-------- Working data

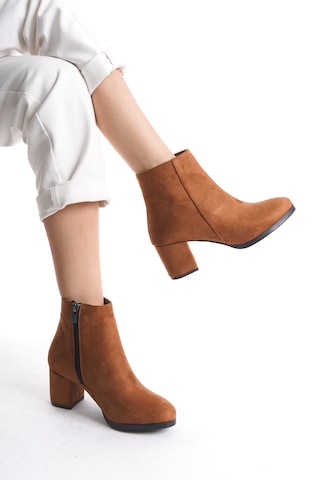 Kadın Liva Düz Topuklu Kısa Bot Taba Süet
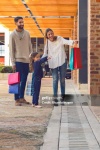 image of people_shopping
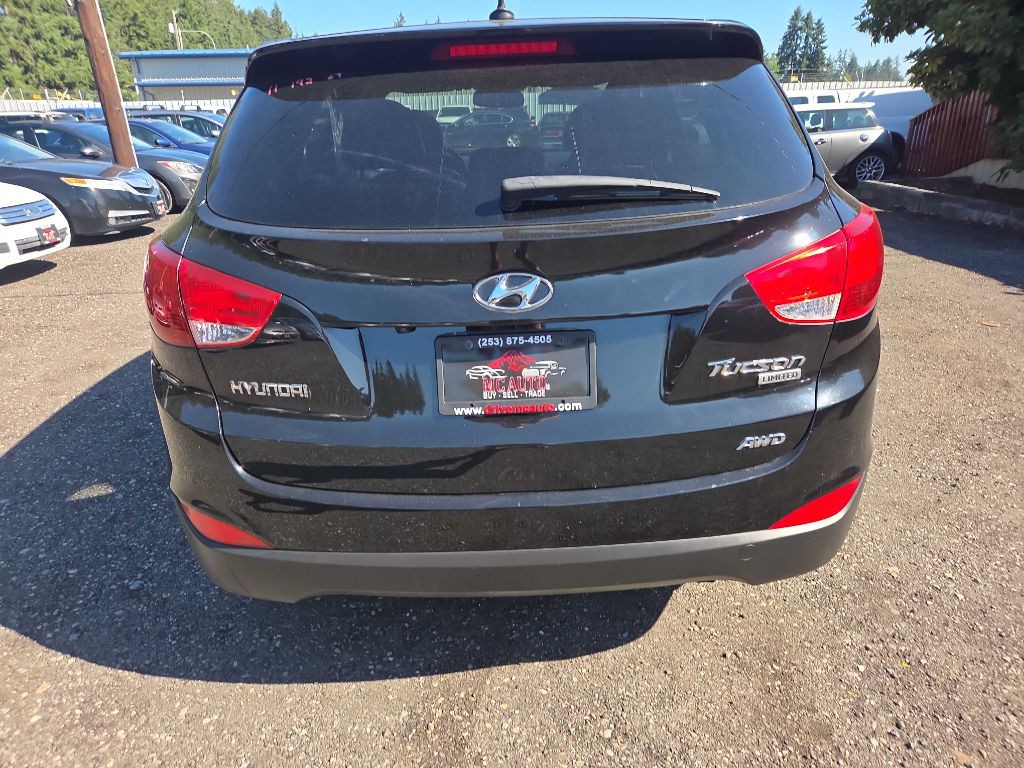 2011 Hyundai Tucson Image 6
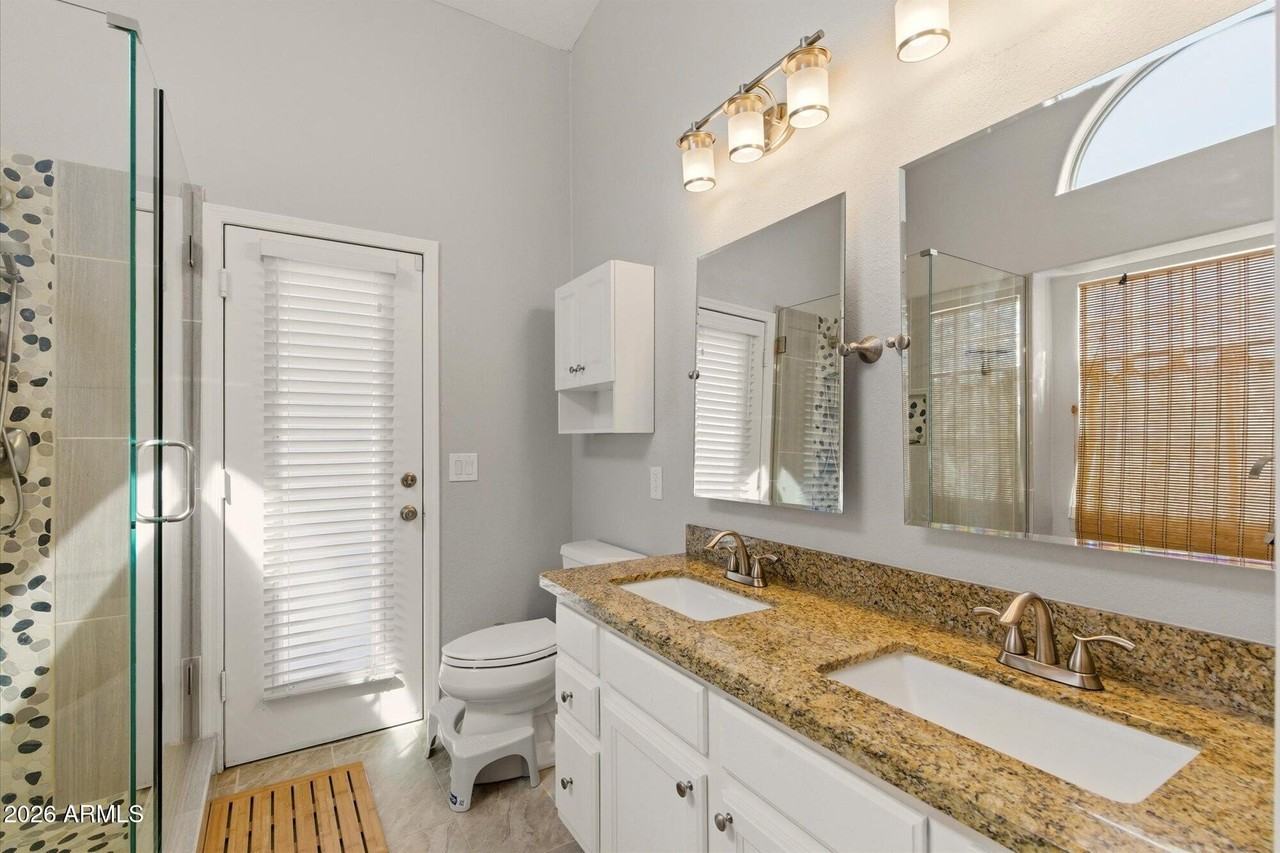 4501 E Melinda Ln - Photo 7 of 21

----------------
-------- Working data

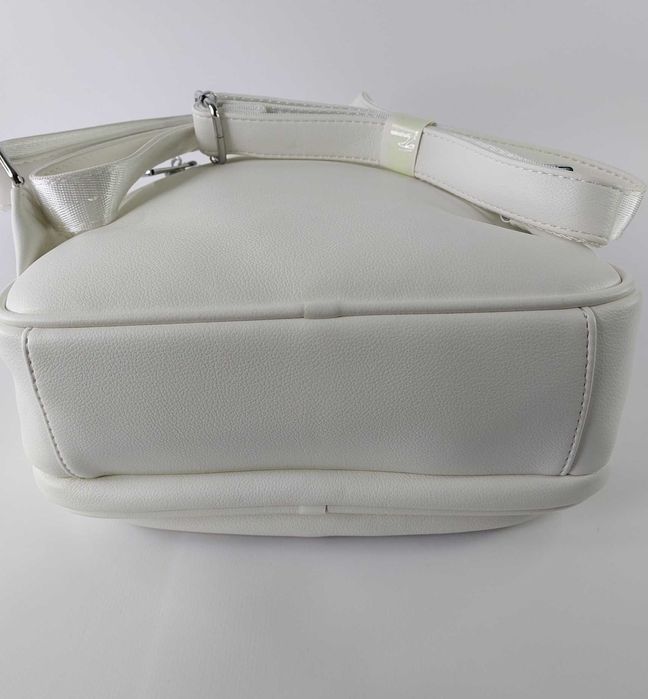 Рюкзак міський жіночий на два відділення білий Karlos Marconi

----------------
-------- Working data

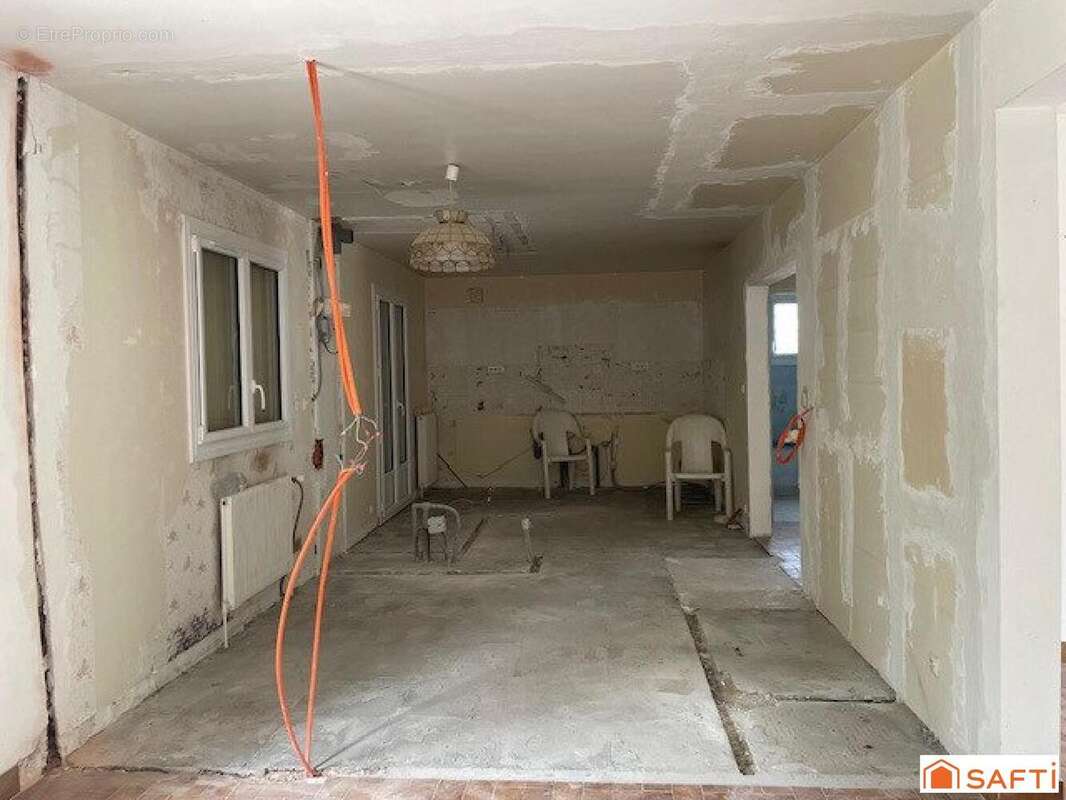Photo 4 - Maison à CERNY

----------------

■ **Work required**
Go back to the listing above and write out the lines starting at the one with "Kadın Liva Düz Topuklu Kısa Bot Taba Süet" and ending at the one with "4501 E Melinda Ln - Photo 7 of 21", inclusive, exactly and without pictures.

■ **Exercise output**
 Kadın Liva Düz Topuklu Kısa Bot Taba Süet
 image of people_shopping
 2011 Hyundai Tucson Image 6
 4501 E Melinda Ln - Photo 7 of 21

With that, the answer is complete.